I’ve been contemplating this post for some time now. Anyone that knows me knows that I have what may seem as a slight obsession with hearts. My Instagram is jam packed with heart shaped things. My Facebook wall in particular is littered with hearts, as people stumble upon heart shaped oil spots or heart shaped brown spots on fruit they share them with me.
To most people, this heart finding game is silly and probably a bit annoying but to a select few, it’s something divine. Since you have taken a solemn oath to follow this blog I feel that we are now at the point in our relationship that I can share this with you. You my friend are now considered my “select few”.
I’m going to start this story like you don’t know a thing about me, if you have been faithfully reading my posts you have already been filled in on some of these details.

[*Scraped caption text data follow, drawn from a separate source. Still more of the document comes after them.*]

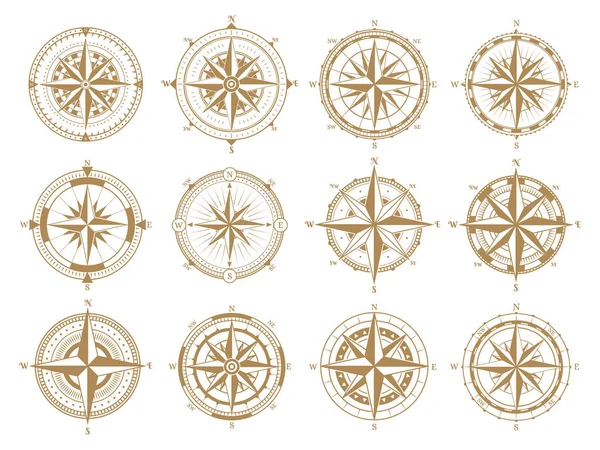 Retro old nautical navigation rose wind compass. Vintage rose wind marine navigation measure compasses vector illustration symbols set. Antique navigation skipper compasses — Stock Vector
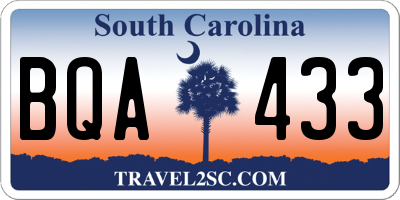 SC license plate BQA433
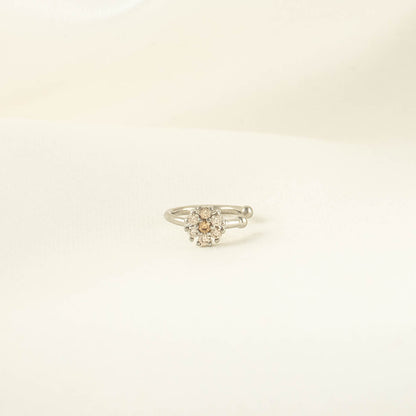 Olive Topaz Zircon Flower Ear Cuff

If this starts sounding familiar, sit tight; the story will change.
My mother passed away September 1, 1997. It was the summer/fall between my 4th and 5th grade year. As you can imagine, it was a difficult transition in my life. One moment I was laying in bed asking God to send me a sign that my mom was in Heaven and the next I was smoking my dad’s cigarettes. My life continued on, yet I never quite felt closure over my mother’s passing. Even though he wouldn’t ever admit it I am pretty positive that my dad didn’t either.
In 2000 was the year that I started to find hearts in mud puddles and smudge prints on the bathroom mirror. I decided that the hearts were the signs that I had been asking for. In 2005, after I graduated high school I was finding random heart shaped things more frequently. I quickly found that these incidents weren’t isolated to only me as my cousin Whitney started finding them as well. I had forgotten about my prayers years before and started thinking that since Whitney and I were finding hearts so frequently it became our “thing”. It was so much our “thing” that we even got matching heart tattoos.
In 2013 about a week before I got married I was going through some of my mom’s jewelry because I wanted to wear a pair of her earrings at my wedding. I opened her jewelry box and couldn’t believe my eyes. It was full of necklaces with heart pendants and just about every pair of earrings were hearts.
I started crying. I was elated…and scared. I was elated because I knew that all the years of hearts were exactly what I had prayed for and that was the same reason I was scared.
The hearts meant that God was real.
Like really real.
Like straight up answering prayers real.
Like making hearts appear in unexpected ways real.
From that time on I kind of kept the heart thing to myself. It was an intimate thing with God and my mom. I shared the meaning of the hearts with 2 people. I never went into any details, I would just say that the hearts remind me of my mom and left it at that.
2014 was my biggest year of heart bar none. I would have notifications and text messages from people I didn’t know and numbers that weren’t saved in my phone and the message would always be the same ” I saw this and thought of you” and attached to the message would be a picture of a carrot or strawberry or even a water spot all in the shape of a heart.
Most recently my bestie sent me a picture of a red balloon that was shaped like a heart.
She brought this balloon into work for me. It had lost its owner and I was more than happy to give it a home. I smiled at the balloon and looked at my calendar. I thought to myself that I better grab a cup of coffee before settling in at my computer. I thought nothing more of the balloon that morning until she handed me this note…
My heart ached and leapt for joy at the same time. Tears instantly welled up in my eyes and spilled over the 724,350 coats of mascara that I had just applied. I honestly couldn’t even talk. All I could do was hug her and cry and cry…and cry some more. Finally I pulled myself together enough to thank her. Getting through the rest of the day was a bit difficult, not because I was sad but because I was so enamored of The Lord. How could he love me; someone who I wouldn’t even choose first, so much that He would go out of His way to gain my attention? I know it is the “basic white girl” cliché to say this but I’m going to have to go ahead and proclaim before you and God and everyone that I am blessed BEYOND measure.
Every single picture that has been shared with me has touched my heart. EVERY. SINGLE. ONE. If you are a heart sender know that when you sent the picture to me that was the exact moment that I needed to feel Gods love. That was the exact moment that I needed to know that His hand was on me. I really don’t have anything to offer you than my gratitude so thank you for sending heart even when it probably felt weird and thank you for blessing me in my time of need.